時は60年代〜70年代にかけての安保闘争で学生運動が過激さを増していた頃のこと。東大安田講堂を学生がバリケード封鎖して入試が行われなかったり、警官隊と学生たちとの衝突で死者が出たり、一度の逮捕者が数百人出たりとすさまじい義憤が若者達の間に渦巻いていた。今の日本からは全く想像できない熱過ぎる時代。
  
左翼組織と連携して過激化する一方の学生たちに業を煮やした警察が摘発を強化する中で、連合赤軍のメンバーは追跡を逃れて山岳地帯に籠り、共産主義革命闘争のための軍事訓練に明け暮れる。猟銃店を襲って武装し、さらに銀行強盗で逃走資金をゲットするという行動力。全ては資本主義に毒された社会を変革するという大義のためだから罪悪感もないらしい。正義の使者ってほんと怖い。
  
山小屋に籠ったメンバーたちは警察への徹底抗戦に備えて訓練しつつ思想的な訓練も受けるわけだが、ここでリーダーの男が頻繁に使う言葉に「総括と自己批判」というのがある。たとえば、重要なデモの時に現場に来なかったメンバーについて、他のメンバーが「○○は共産主義革命の何たるかをまるで理解していない。気持ちがたるんでいる。」などと批判する。批判された男は「革命戦士としてあるまじき行為だ。どう総括するんだ?自己批判しろ!」と迫られる。

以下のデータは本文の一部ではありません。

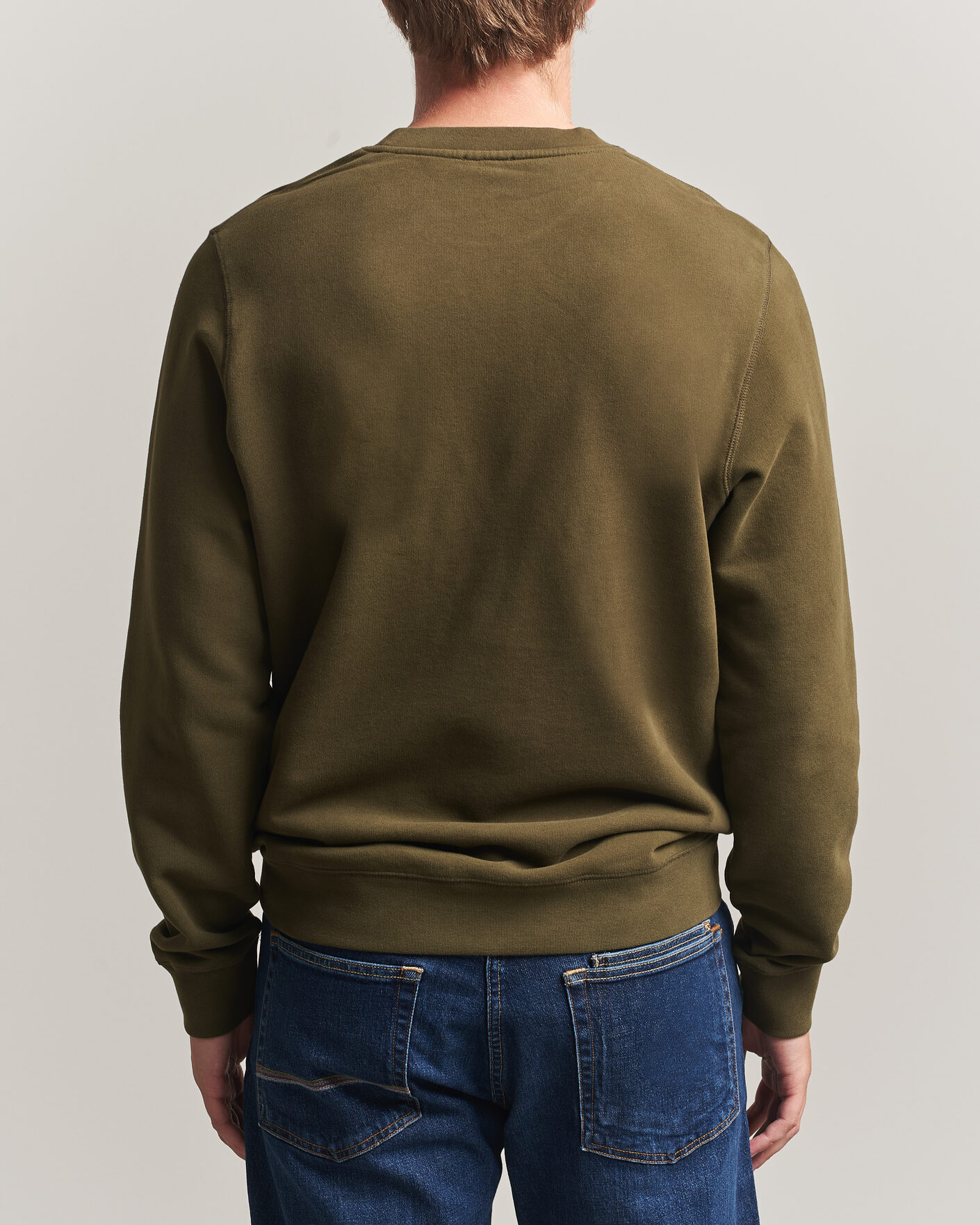 Hombres | Jerséis y prendas de punto | Sunspel | Loopback Sweatshirt Loden Green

ここでいう「総括と自己批判」とは「自分の至らないところを悔い改め、今後の改善策をメンバーたちに宣誓する」ぐらいの意味だ。はじめはぬるい返答でも済んでいたのが、山小屋生活が長引くに連れてリーダーの追及は激しさを増し、鉄拳制裁が加わる。いわゆる内ゲバだ。指摘される内容も「化粧をするとは何事だ」とか言葉尻をとらえて吊るし上げるようなただの口実になり、暴力もエスカレートして集団リンチが行われていく。
 
冬の山中でろくに喰わせずに縛ったまま外に放置して衰弱死させたり、殴る蹴るの暴行を加えるなどで死者は計12人に上り、その中には夫婦や恋人、兄弟で参加したメンバーの片割れが殺されたり、妊婦さえいた。生還したメンバーの一人は「何のために総括するのか誰にもよくわからなかった。それはリーダーの観念の世界のことだった。」と後に語っている。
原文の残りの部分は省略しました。